Gardens - Fruit & Vegetable Gardening

Growing ground cherries

By
Adrienne Brown

Plant this tart treat in your garden for summer garnishes and preserves



Don’t let the name fool you—ground cherries have very little in common with those juicy red treats whose blossoms inspire festivals. In fact they’re part of the nightshade family and are related to tomatillos and Chinese lanterns. Like those plants, ground cherries (Physalis peruviana) grow in a protective paper husk.

These marble-sized, orangey fruits have a unique flavour, which is sometimes described as tasting similar to anything from pineapple or cherry to kiwi and tomato. “It’s a unique-looking plant,” says Angus Mellish, seed manager at Veseys Seeds in P.E.I. “And they’re a very under-appreciated garden vegetable!”

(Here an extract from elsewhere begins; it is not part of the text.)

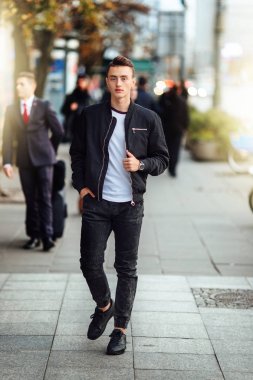 Bir fincan kahve ile sokakta adam yürüyüş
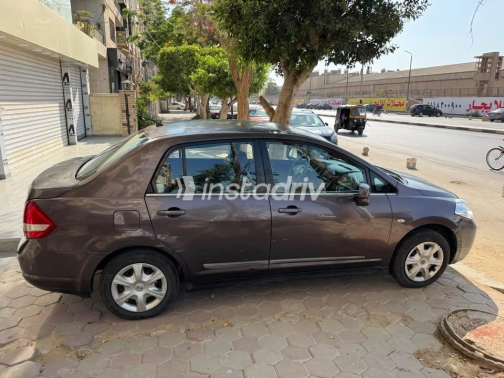 Nissan Tiida 2009 Gray Automatic Used for Sale in Sheraton - 1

Canadian seed companies tend to sell the Aunt Molly’s variety of ground cherries, which comes from Poland. It does well in cooler climates and matures faster than other varieties. Aunt Molly’s has a more citrusy flavour than the Cossack Pineapple variety, which tastes more like an actual pineapple. The Goldie variety will yield more ground cherries per plant, but takes longer than Aunt Molly’s to mature.

How to grow
If you’ve had success with tomatillos, you’ll have a good idea of how to grow ground cherries; they’re cultivated much the same way. You can start ground cherries from plants, but they’re not often easy to find in greenhouses. Starting from seed may be your best bet, but give your plants a good head start: Veseys’ growing guide suggests planting seeds indoors eight weeks prior to transplanting.

Give your ground cherries plenty of room to grow by spacing seedlings 24 to 36 inches apart after all risk of frost has passed.

Where to grow
Ground cherries can be grown in containers, but Mellish says they prefer to be right in the ground. Beware when planting in your garden, though: ground cherries will reseed themselves and can be hard to eliminate if you decide you no longer want to grow them.

If you’re short on space, a big pot on your deck will do, as long as the soil drains well and you keep your plant moist, fertilized and in a sunny location.

Mellish says although ground cherry plants will grow to the size of a tomato bush, they don’t need to be staked because they have strong stalks. Expect plants to grow to about 90 cm tall and have a wide spread.